::: Extracted entries

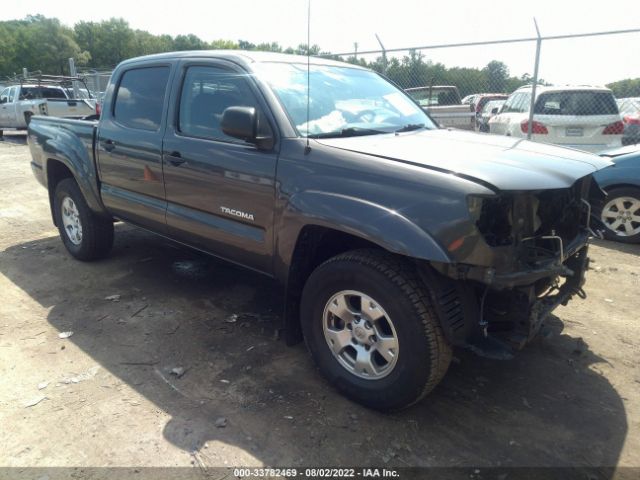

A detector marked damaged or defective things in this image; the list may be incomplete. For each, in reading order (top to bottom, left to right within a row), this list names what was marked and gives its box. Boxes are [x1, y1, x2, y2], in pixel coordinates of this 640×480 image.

crumpled hood [318, 129, 612, 193]
damaged front end [424, 174, 604, 358]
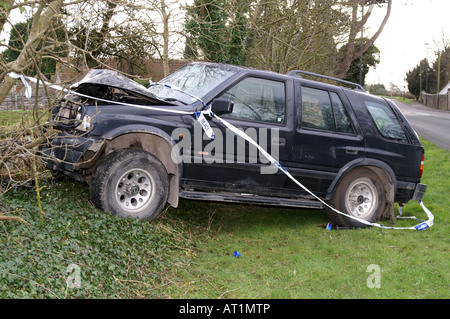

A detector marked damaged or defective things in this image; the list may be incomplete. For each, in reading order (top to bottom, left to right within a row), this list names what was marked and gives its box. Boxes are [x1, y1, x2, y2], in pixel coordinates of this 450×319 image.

smashed windshield [149, 63, 239, 105]
damaged front bumper [39, 132, 104, 182]
crashed black suv [41, 62, 426, 228]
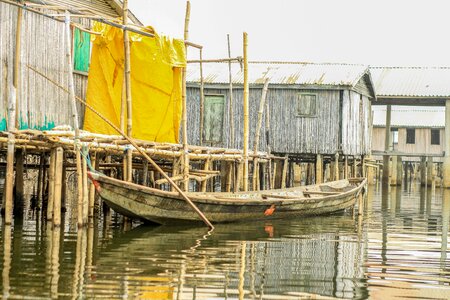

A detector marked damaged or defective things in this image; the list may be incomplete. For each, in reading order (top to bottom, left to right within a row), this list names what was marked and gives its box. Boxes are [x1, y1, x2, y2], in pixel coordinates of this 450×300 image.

rusty metal roof [186, 60, 370, 86]
rusty metal roof [370, 66, 450, 97]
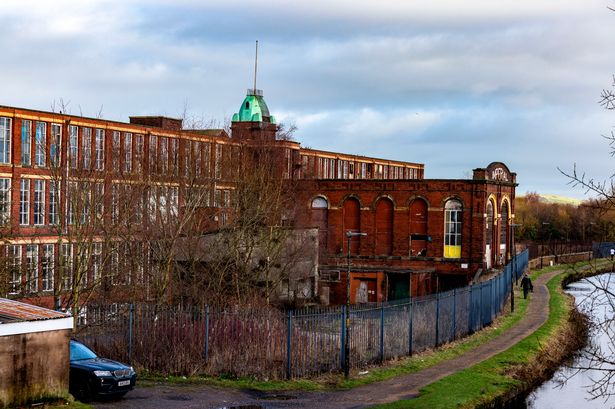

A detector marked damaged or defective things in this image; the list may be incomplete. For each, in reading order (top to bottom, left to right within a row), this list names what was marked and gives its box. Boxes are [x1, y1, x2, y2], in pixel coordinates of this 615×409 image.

rusty roof [0, 298, 70, 324]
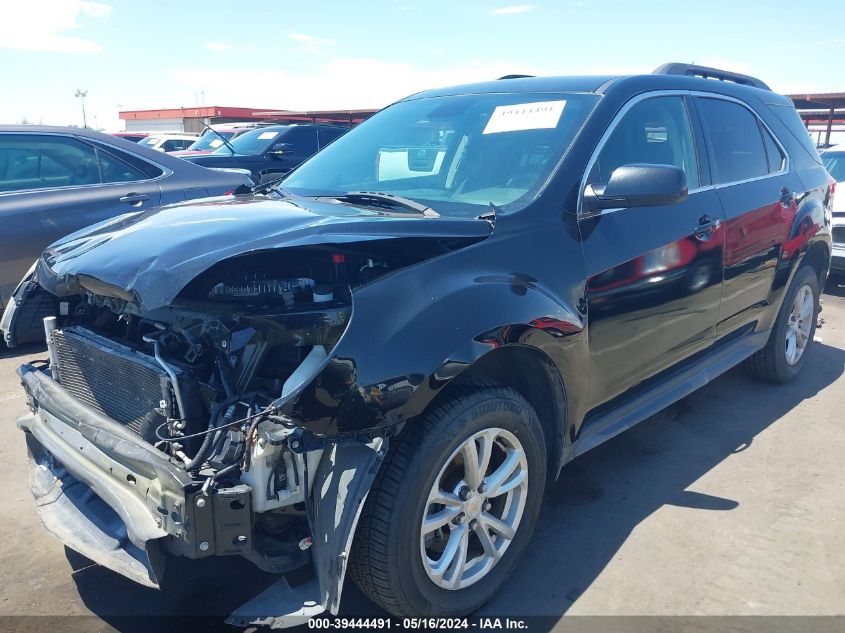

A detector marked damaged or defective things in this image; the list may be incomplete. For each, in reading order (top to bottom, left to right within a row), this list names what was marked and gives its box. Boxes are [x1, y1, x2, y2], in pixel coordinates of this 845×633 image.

crumpled hood [36, 193, 492, 312]
damaged radiator [49, 326, 175, 434]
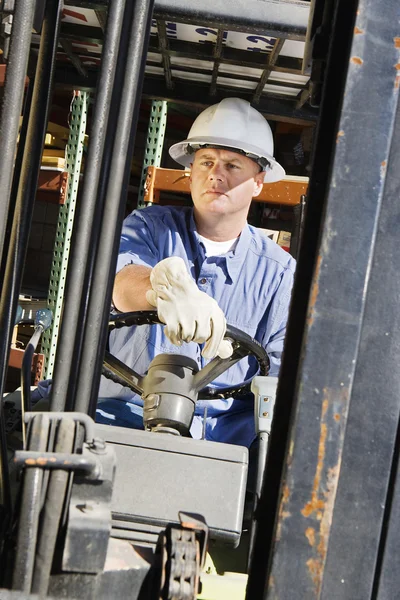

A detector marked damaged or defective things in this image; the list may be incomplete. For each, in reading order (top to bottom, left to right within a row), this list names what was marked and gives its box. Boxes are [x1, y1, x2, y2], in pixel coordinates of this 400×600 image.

rusty metal surface [247, 0, 400, 596]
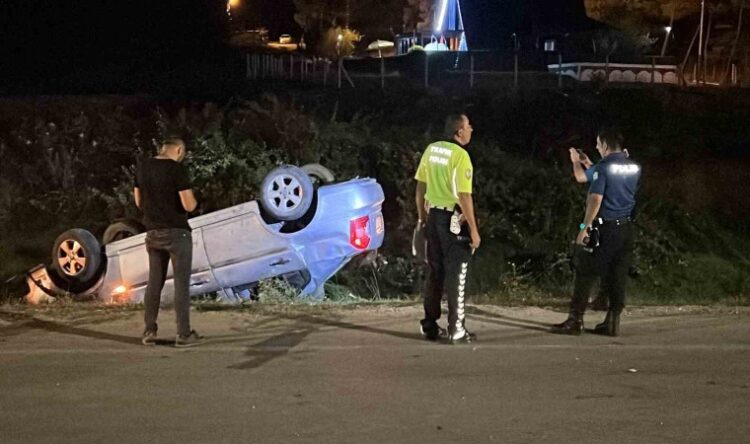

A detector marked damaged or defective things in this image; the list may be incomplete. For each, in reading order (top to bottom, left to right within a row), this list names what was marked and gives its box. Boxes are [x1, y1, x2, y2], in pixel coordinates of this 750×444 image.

overturned car [26, 165, 384, 304]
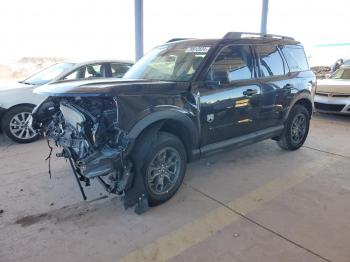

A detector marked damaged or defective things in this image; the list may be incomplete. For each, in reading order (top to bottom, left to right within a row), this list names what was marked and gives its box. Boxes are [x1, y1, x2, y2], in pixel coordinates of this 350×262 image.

crushed front end [30, 95, 148, 214]
crumpled hood [34, 79, 190, 97]
damaged ford bronco [31, 32, 316, 213]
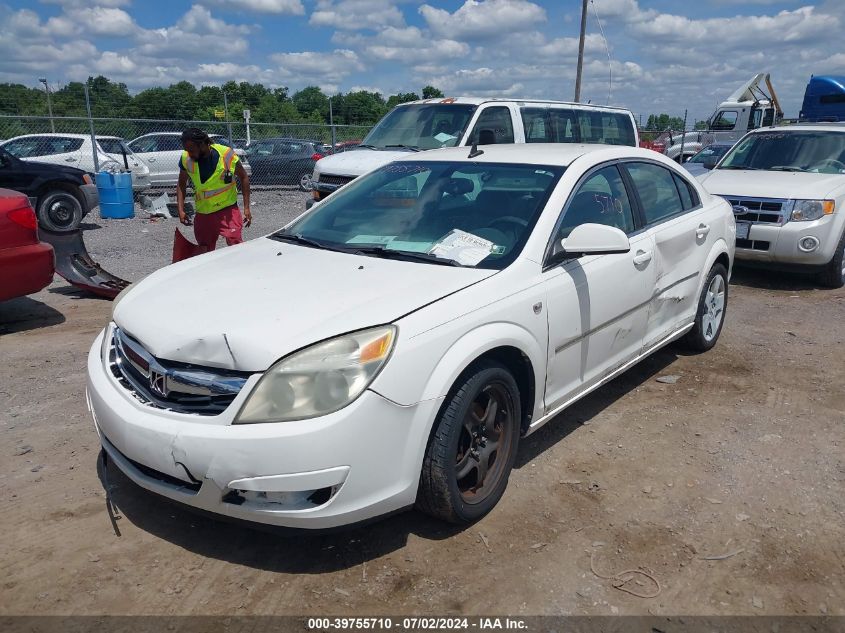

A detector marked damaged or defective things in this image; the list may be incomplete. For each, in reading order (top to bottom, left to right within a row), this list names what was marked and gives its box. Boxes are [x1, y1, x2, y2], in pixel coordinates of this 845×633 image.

dented front bumper [85, 326, 442, 528]
damaged white car [87, 144, 732, 528]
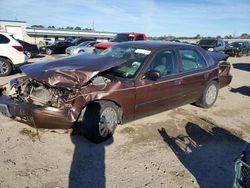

::::::

Work to be completed: Would you return the material exactly, images excluded?

Answer to this exercise:
A detector marked damaged or defective things in this image; the list may be incomplete. For each, in reading order (top to bottom, left to right within a row), this list names what was marked and gives its box. Boxes are [x1, y1, x2, y2], in pixel coordinates of this 640×480 image.

crumpled hood [318, 129, 612, 193]
damaged front end [424, 174, 604, 358]

A detector marked damaged or defective things in this image; the list may be incomplete. For each, in reading order (top to bottom, left to right within a row), this list names what was marked and gives its box. Boxes are [x1, y1, x2, y2], in pixel coordinates of this 450×319 image.

smashed windshield [149, 63, 239, 105]
damaged front bumper [39, 132, 104, 182]
crashed black suv [41, 62, 426, 228]

A detector marked damaged or defective things in this image; the list may be incomplete. For each, in reading order (top to bottom, left to right within a row), this list names what was marked and gives its box. Boxes are [x1, y1, x2, y2], in pixel coordinates of this 450×300 image.

rusty metal roof [186, 60, 370, 86]
rusty metal roof [370, 66, 450, 97]

A detector marked damaged or defective things in this image; the list may be incomplete. For each, in reading order (top to bottom, left to right within a row), this list names what was marked and gives its box. Boxes are [x1, y1, x2, y2], in pixel coordinates of this 615×409 image.

rusty roof [0, 298, 70, 324]

A detector marked damaged or defective things in this image; the list may be incomplete. For each, in reading order (top to bottom, left to right within a row), this list names what was marked and gives its box. Boxes are [x1, y1, x2, y2], in pixel coordinates of this 845×633 image.

crumpled hood [36, 193, 492, 312]
damaged radiator [49, 326, 175, 434]

A detector marked damaged or defective things in this image; the list may be incomplete. For each, in reading order (top to bottom, left to right within a row), this list names what was marked and gives its box. Boxes are [x1, y1, x2, y2], in pixel coordinates of this 400×600 image.

rusty metal surface [247, 0, 400, 596]

A detector marked damaged or defective things in this image; the list may be incomplete. For each, in reading order (top to bottom, left to right within a row), this list names what was marked and gives its box. Boxes are [x1, y1, x2, y2], in pixel coordinates of this 750×444 image.

overturned car [26, 165, 384, 304]

A detector marked damaged or defective things in this image; the list may be incomplete. For each, in reading order (top to bottom, left to right within a row), this list names what was marked and gives its box. Boxes are [x1, y1, x2, y2], in pixel coordinates of this 350×262 image.

crushed front end [30, 95, 148, 214]
crumpled hood [34, 79, 190, 97]
damaged ford bronco [31, 32, 316, 213]

A detector marked damaged or defective things in this image; the list may be incomplete. For each, in reading order (top to bottom, left to right within a row), this list names what was marked and gives its box. Boxes are [x1, y1, x2, y2], in pixel coordinates of this 845×633 image.

dented front bumper [85, 326, 442, 528]
damaged white car [87, 144, 732, 528]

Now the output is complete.